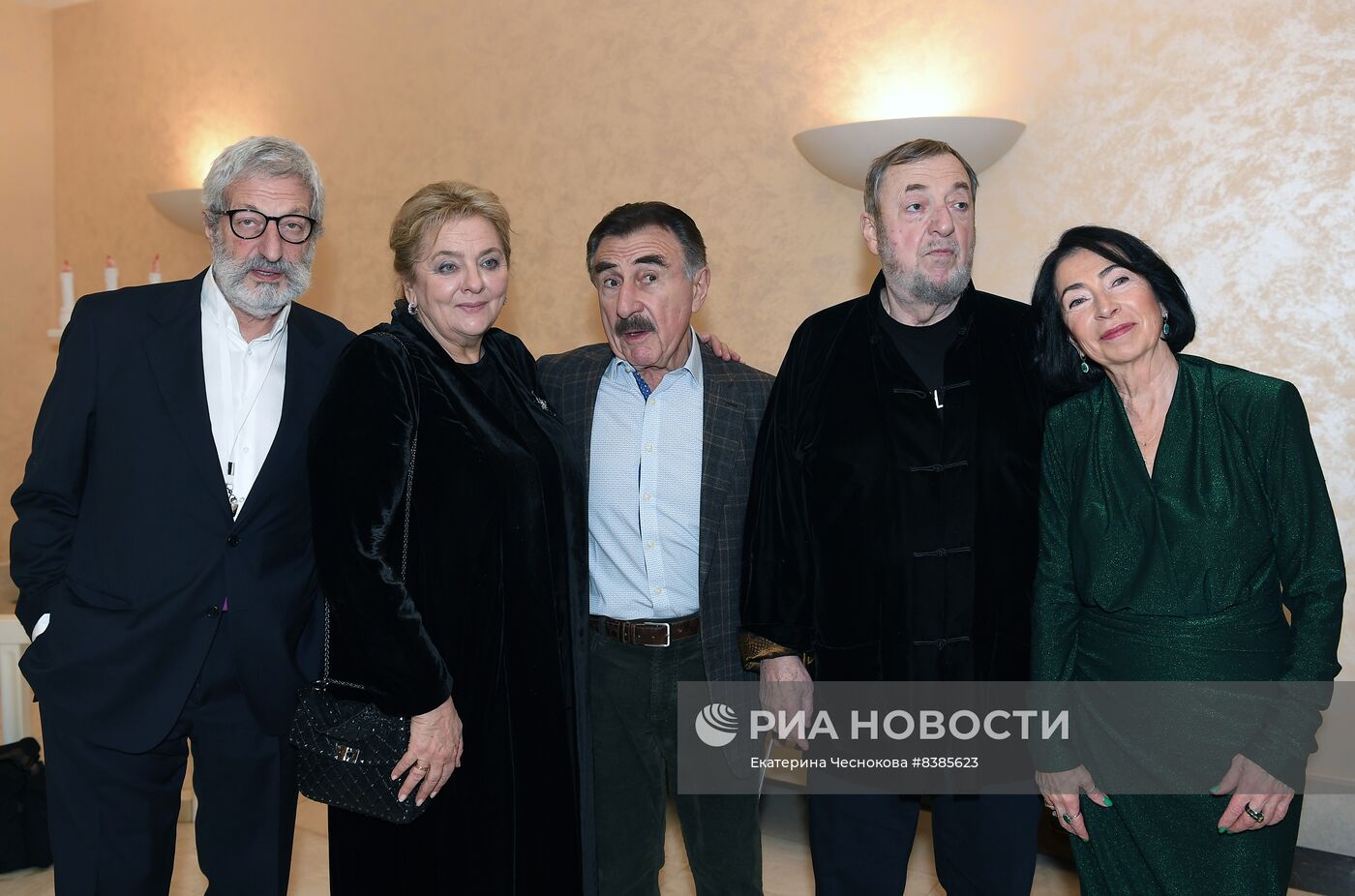 Международный фестиваль кинематографических дебютов "Дух огня"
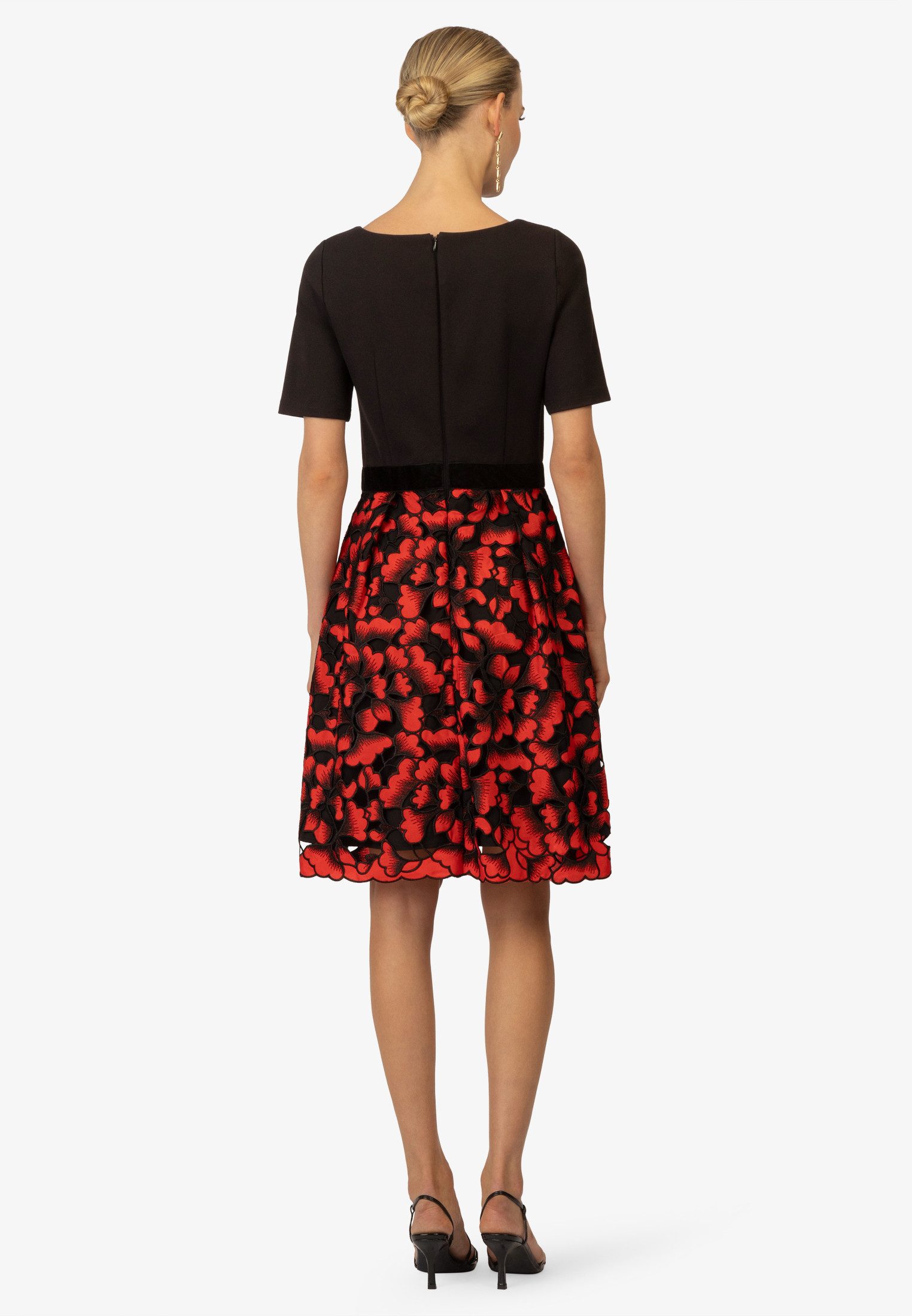 Kraimod Cocktailkleid mit floraler Spitze und Samt-Taille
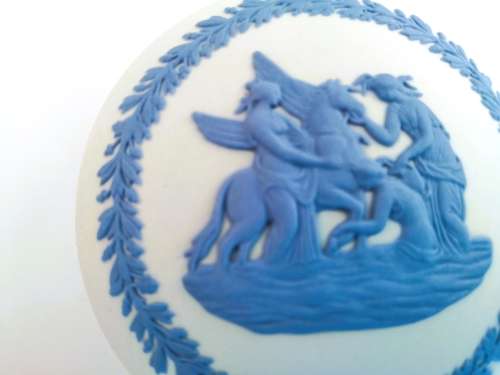 Wedgwood White Jasper with Blue Round Lidded Trinket Box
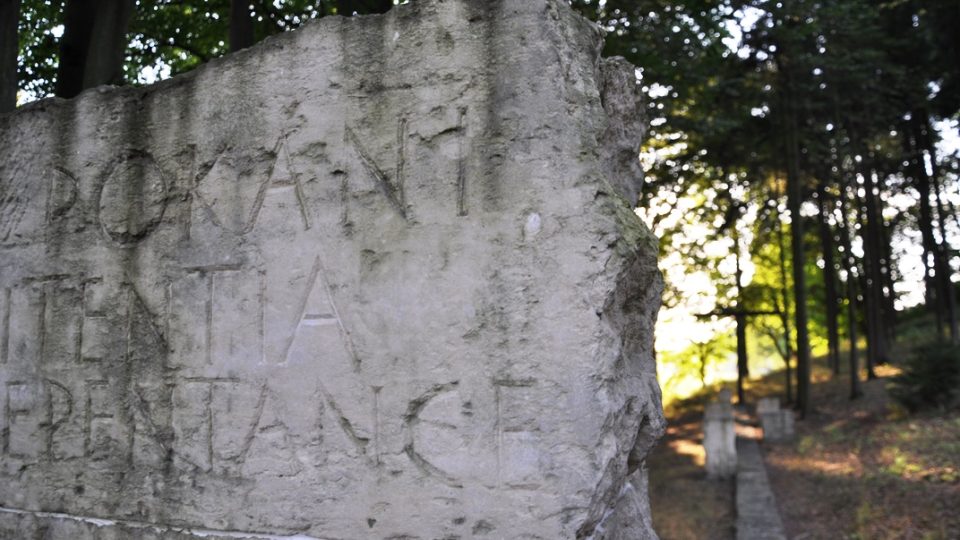 V parku kláštera je usazeno sochařské dílo věnované 3. tajemství zjevení ve Fátimě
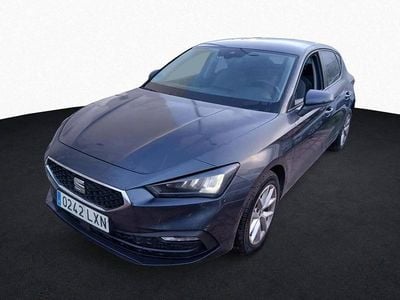 Usado Seat Leon Style 115 CV (84 kW) 2021 Blanco Berlina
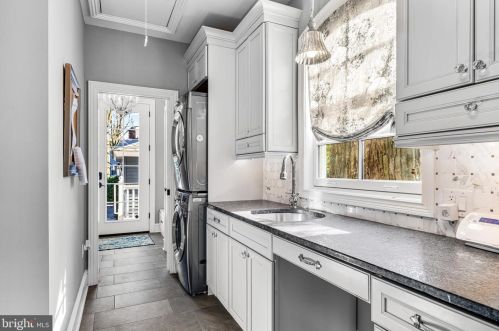 114 Kings Hwy, Tavistock NJ 08033-1981 exterior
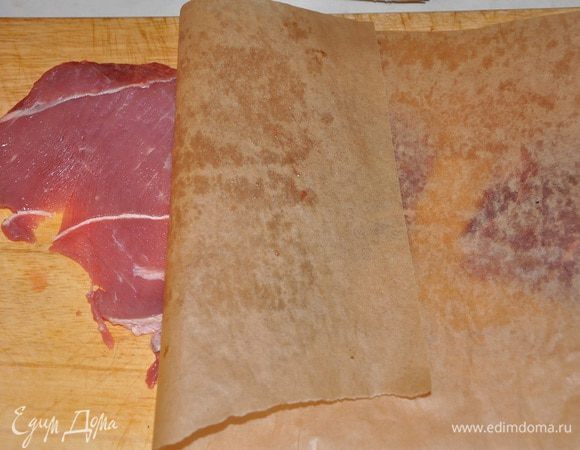 Накрыв эскалопы пекарской бумагой, отбить их до толщины 3 мм, разогреть масло на сковороде и подрумянить с каждой стороны по 1 минуте, переложить на тарелку.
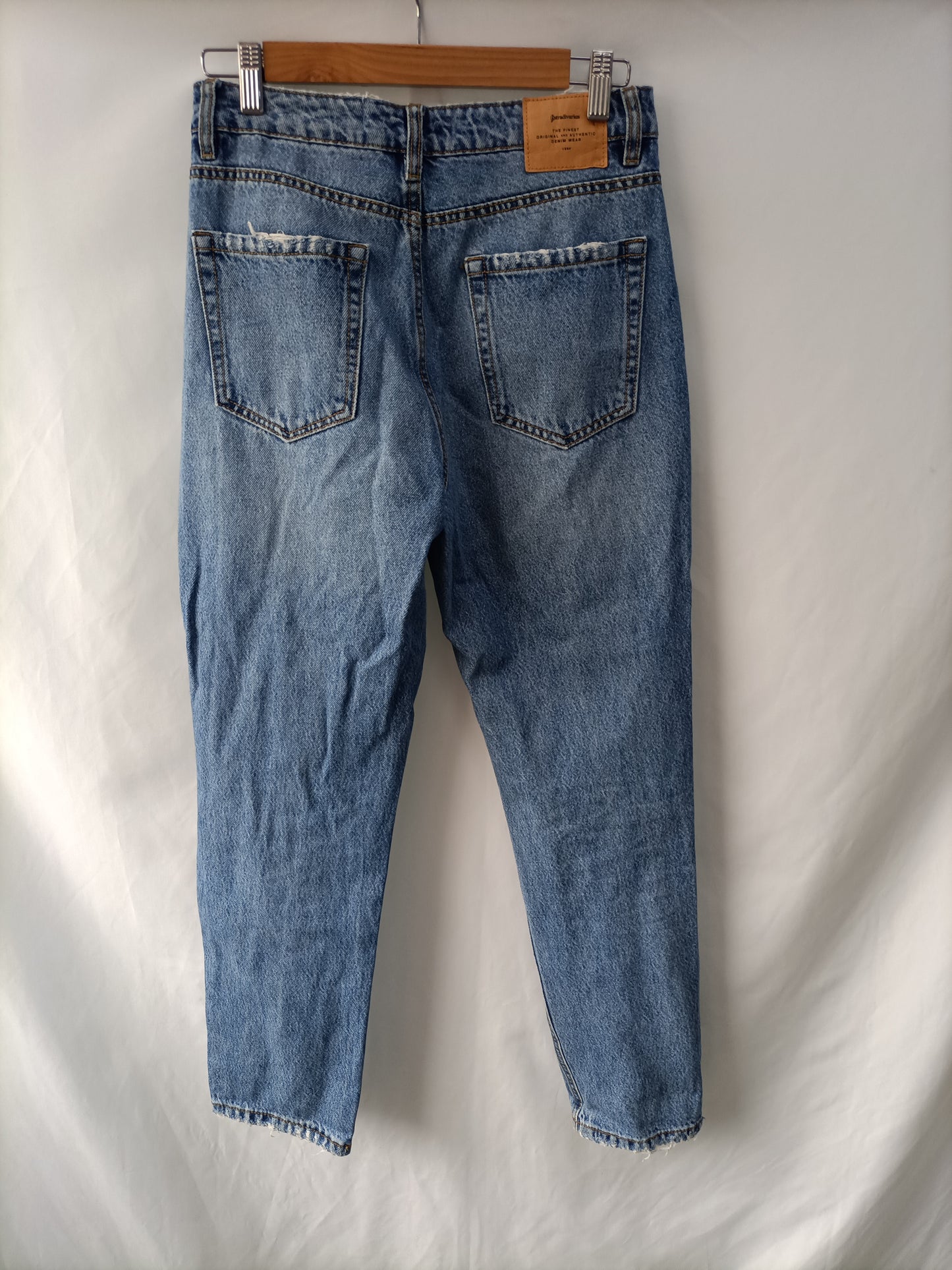 STRADIVARIUS. Pantalón recto rotos T. 36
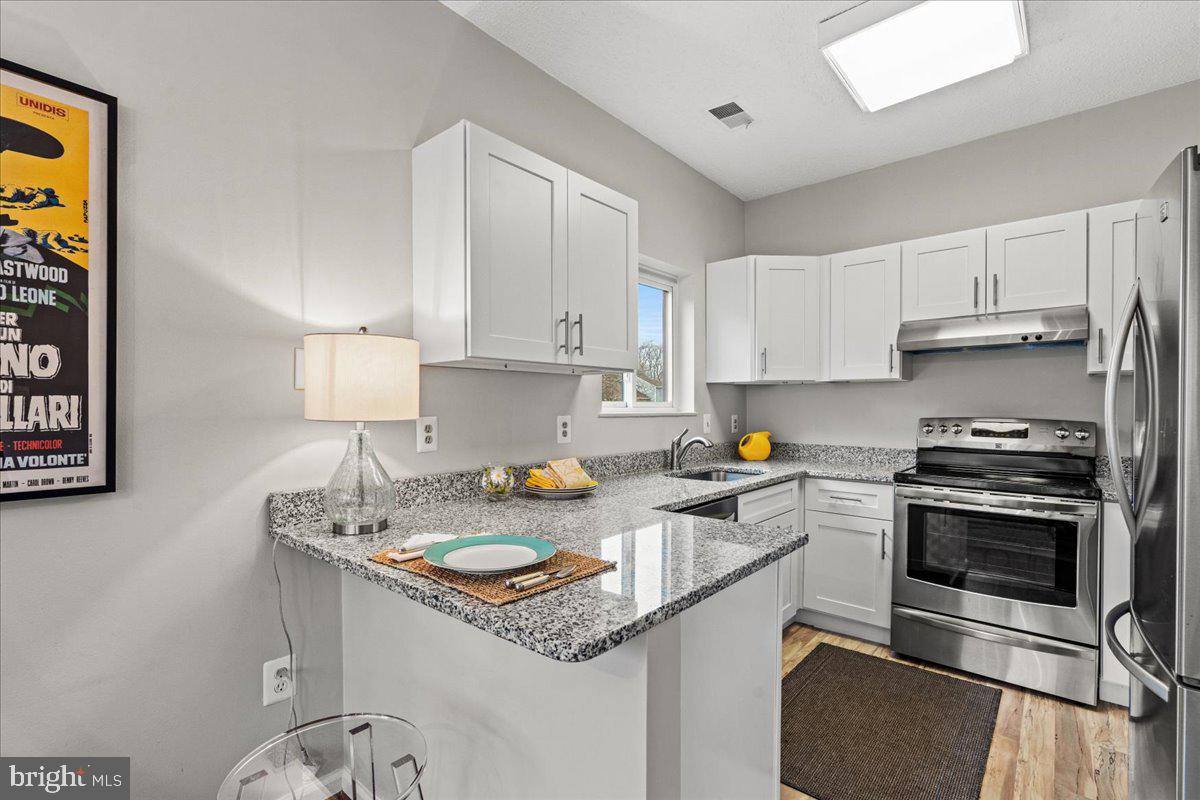 1907-B Villaridge Dr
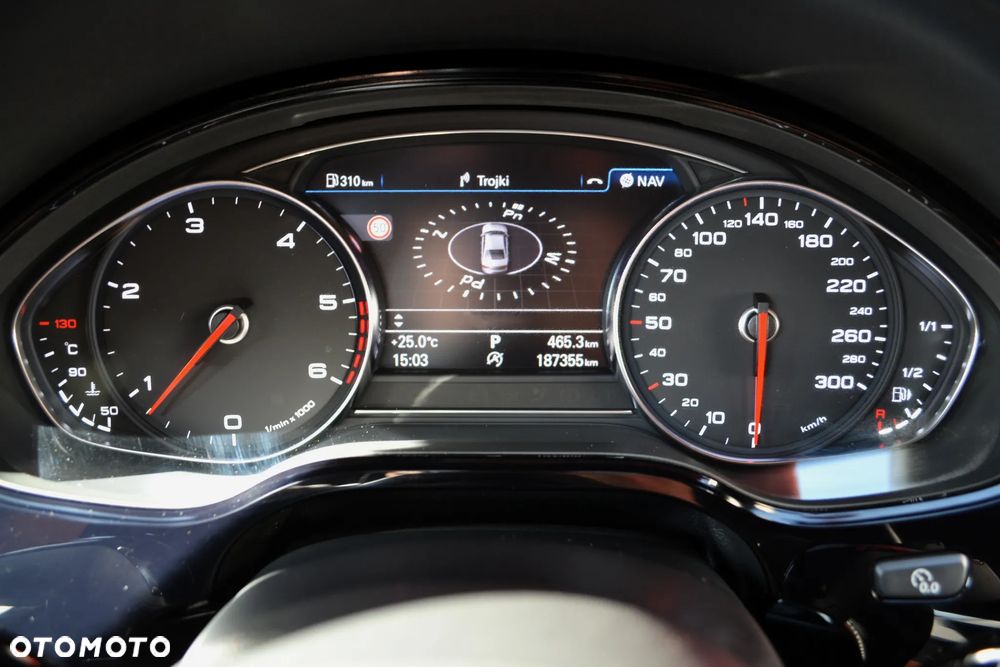 Audi A8 3.0 TDI Quattro - 40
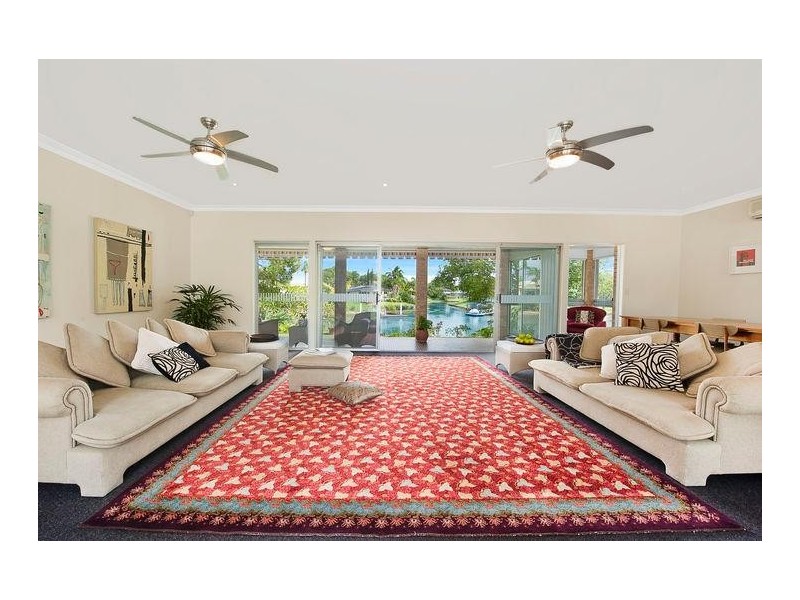 9 La Scala Court, Isle Of Capri QLD 4217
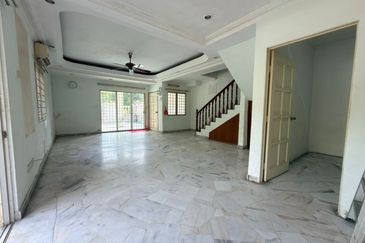 Seksyen 12, Bandar Country Homes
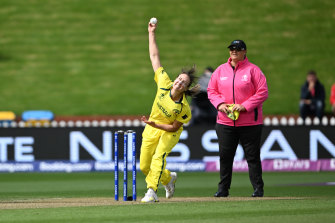Ellyse Perry bowling during the World Cup round-robin game against the West Indies in Wellington.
• • •
• _Exercise prompt_
Exactly the lines from the one containing "9 La Scala Court, Isle Of Capri QLD 4217" through the last line of the data above should be output, both ends included, with every picture left out.

• _Result of the task_
 9 La Scala Court, Isle Of Capri QLD 4217
 Seksyen 12, Bandar Country Homes
Ellyse Perry bowling during the World Cup round-robin game against the West Indies in Wellington.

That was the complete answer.